Serious allegations in the workplace can arise at any time; whether it is claims of bullying, serious breaches of health and safety rules or a breach in trust and confidence. The ramifications are significant – how do you manage the employment relationship when it arises? What processes do you use and how to address it? How do you address the issue with as little risk as possible?
In this HR guidance article, we look at the options available to employers for addressing very serious workplace allegations.
1. What constitutes a ‘serious’ allegation?
Being able to determine the severity of an allegation is crucial for how you address it. We know that by not managing a case correctly, a tribunal can find in favour of an unfair dismissal, simply for an improper process having been conducted.
Misconduct allegations can be classed as either misconduct or gross misconduct.
- Misconduct allegations relate to matters which contravene your rules and regulations and whilst serious, overall, in the context of the employment relationship whilst they may weaken the employee-employer relationship they are not enough to justify breaking the contract and dismissing.
- Gross misconduct is misconduct which is extreme or abnormal (gross) and is blameworthy, and in some cases, can be criminal offences too. It is so serious that it constitutes a fundamental and repudiatory breach which irrevocably destroys the heart of the contract. Misconduct of this type is so serious that in the circumstances, an employer cannot reasonably be expected to employ the individual any longer. For this reason, acts of gross misconduct warrant dismissal without notice (summary dismissal).
This hot topic focusses on those allegations that would usually constitute gross misconduct. There are many examples of gross misconduct that can be shared across all businesses and sectors (theft, fraud, violence, acts of bullying and harassment) however, each organisation is entitled to set their own rules of behaviour and therefore, depending upon that business and the sector in which it operates, there may be further examples unique to that organisation.
So how do you distinguish between gross misconduct and misconduct? Case law teaches us that for a gross misconduct dismissal to stand in tribunal, certain conditions must be met when it comes to treating the matter as gross misconduct:
1. The misconduct must constitute a fundamental breach going to the heart of the contract.
Whether or not it is fundamental will depend on factors such as:
- The severity of the actions e.g., theft, violence, and direct discrimination.
- The nature of the act and the relevance to the employee’s key duties (can you still trust the person to carry out their key duties?).
- The nature and circumstances of the employer (how will this impact reputation, what is common in the culture of that employer? Swearing in one environment may be gross misconduct (‘GM’) but in another is a daily occurrence etc).

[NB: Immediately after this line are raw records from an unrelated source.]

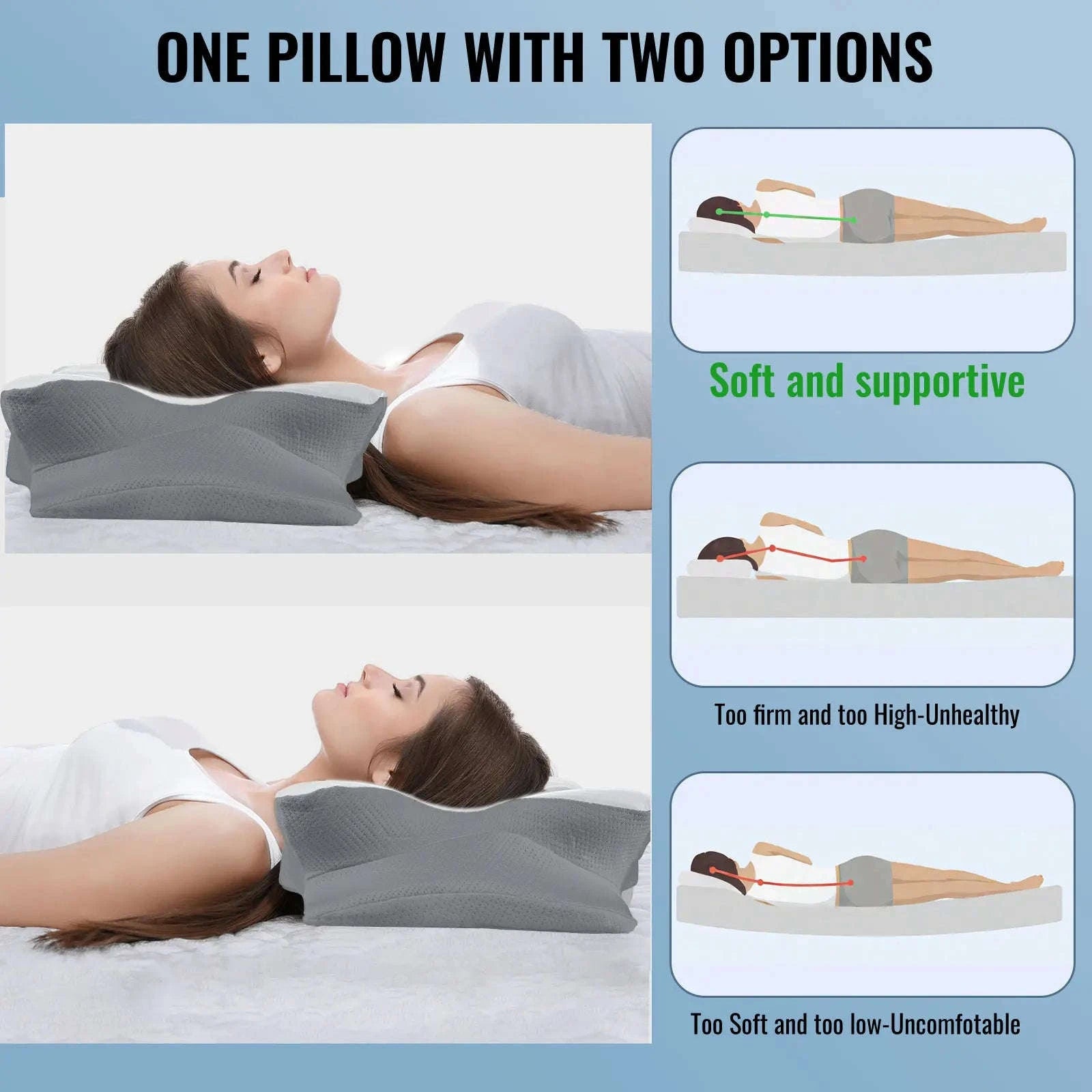 Memory Foam Cervical Neck Pillow with Cooling Breathable Cover-White / france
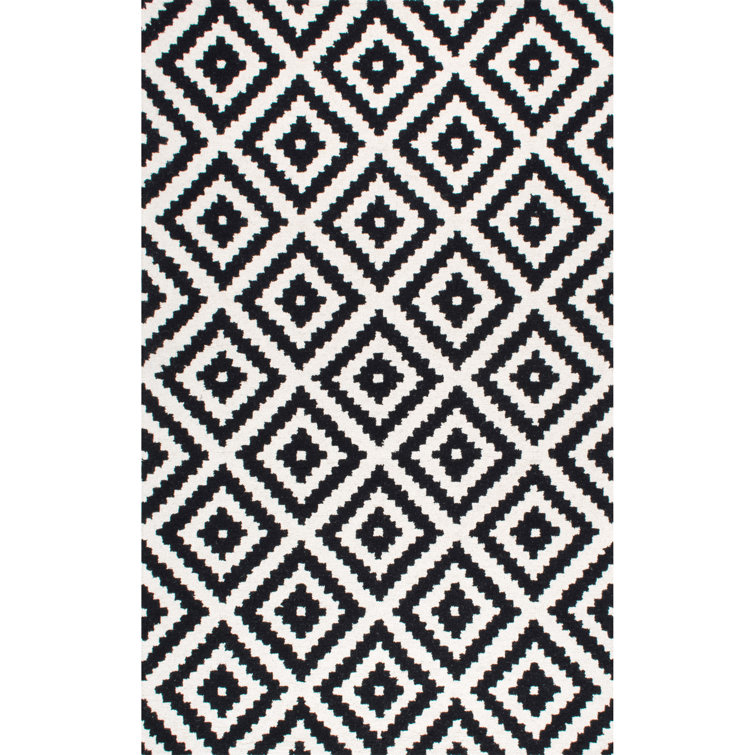 Drubin Geometric Wool Hand Woven Area Rug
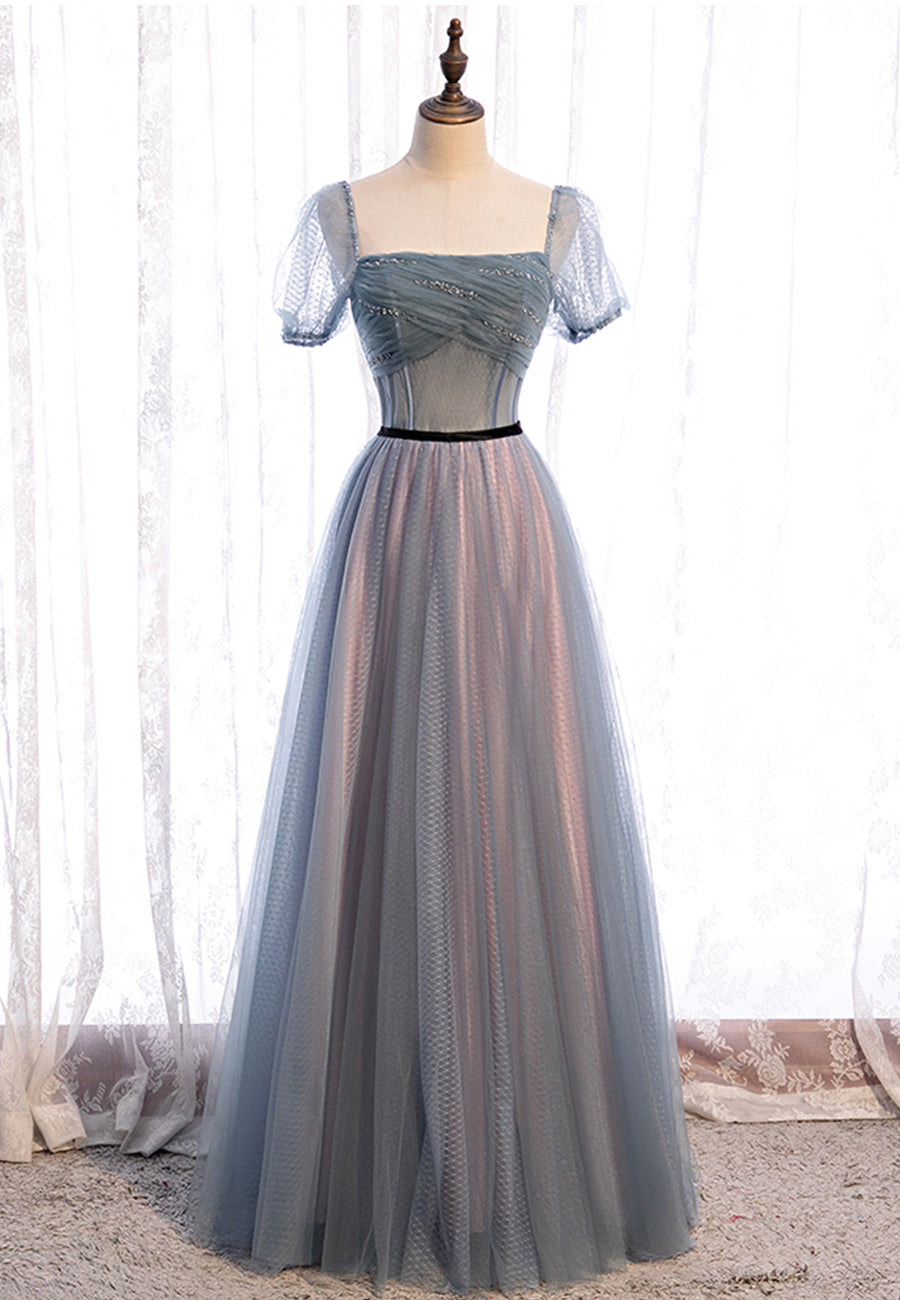 solvbao Grey Tulle Long Prom Dresses, A-Line Evening Dresses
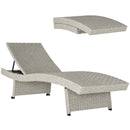 Outsunny PE Rattan Sun Lounger with 4-Level Adjustable Backrest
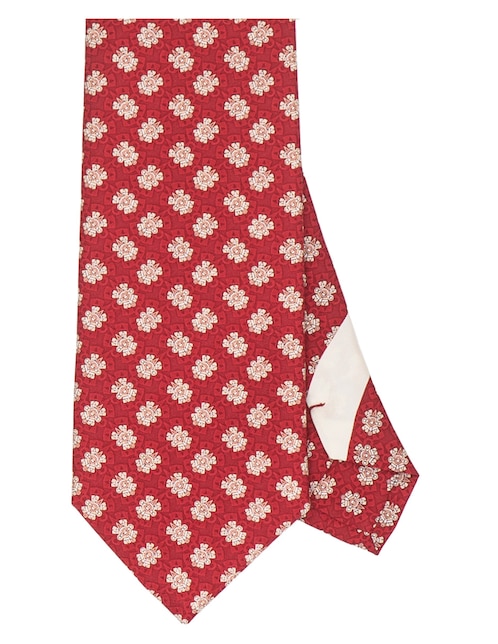 Corbata regular de seda estampado gráfico para hombre 1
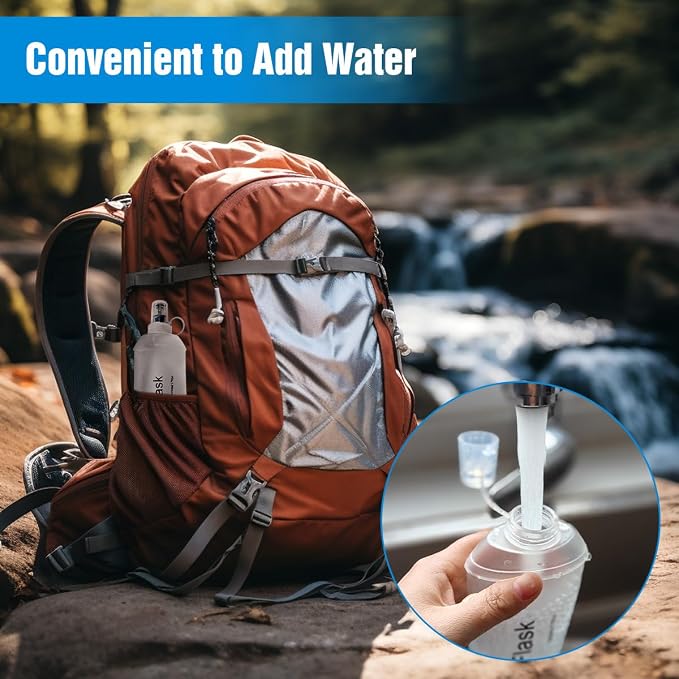 AXEN Soft Flask TPU Foldable Running Hydration Flask, Soft Collapsible Water Bottle for Hydration Pack Cycling Marathon Running Hiking - Image 4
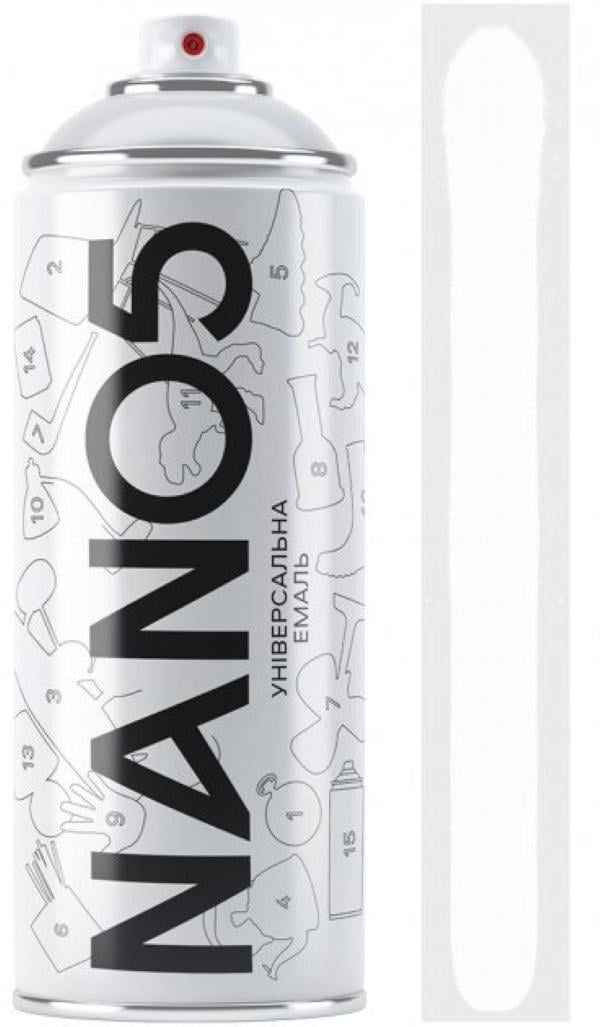 Эмаль универсальная NANO5 9010 глянцевый аэрозоль 400 мл Белый (N09010)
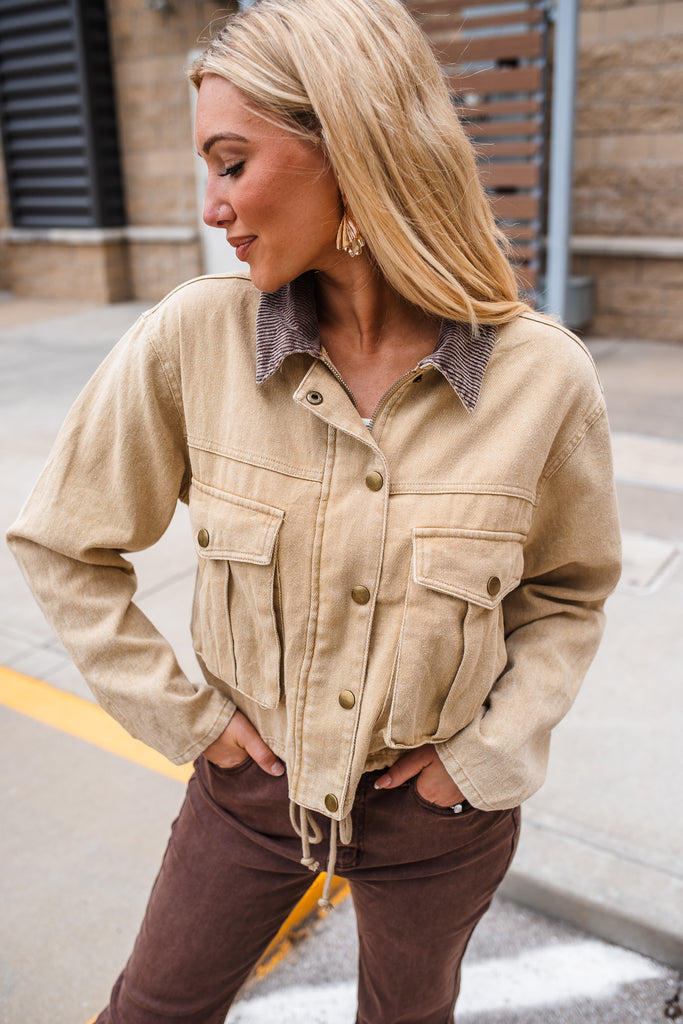 Corduroy Collar Jacket - BluePeppermint Boutique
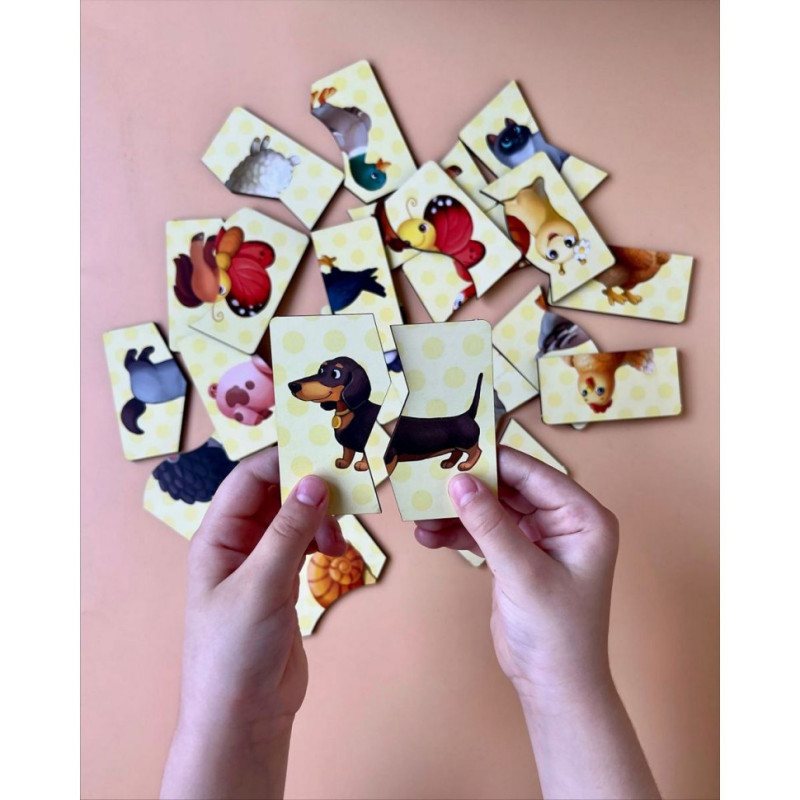 Настільна розвиваюча гра-пазл "Тварини" Ubumblebees (ПСФ071) PSF071, 12 картинок-половинок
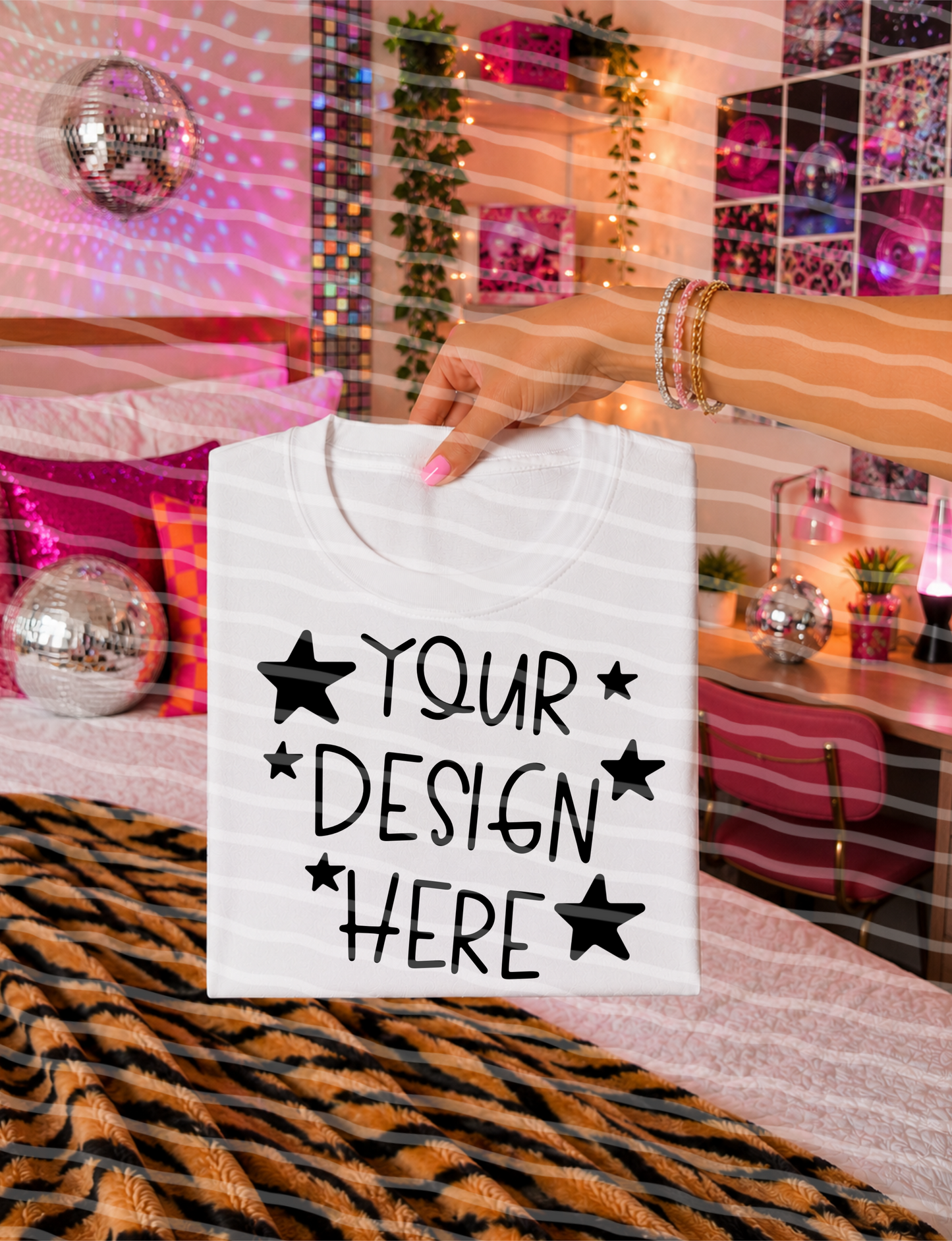Disco Era White Tee Hand Held Everyday Mock Up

- The impact of the breach.
2. The misconduct must be either deliberate and wilful, or grossly negligent.
Consider factors such as:
- Whether there is a clear rule or policy that the employee knew.
- Whether the employee would have known in advance that their actions may be regarded as a sackable offence.
- The motivation of the employee.
- The intentions of the employee.
How allegations can arise
There are several ways in which allegations of a serious nature can be brought to an employer’s attention:
- An employee may come to you (or another manager) to raise their serious concerns about the behaviour of another colleague
- You (or another manager) may witness the inappropriate behaviour
- The company may receive written communications from a third party (which can also include communication via social media) in which serious allegations are made
- An employee’s inappropriate behaviour may come to light via social media (be careful though in this situation as employees have a right to a private life so care must be taken if the matter is to be pursued, see section two for further clarity).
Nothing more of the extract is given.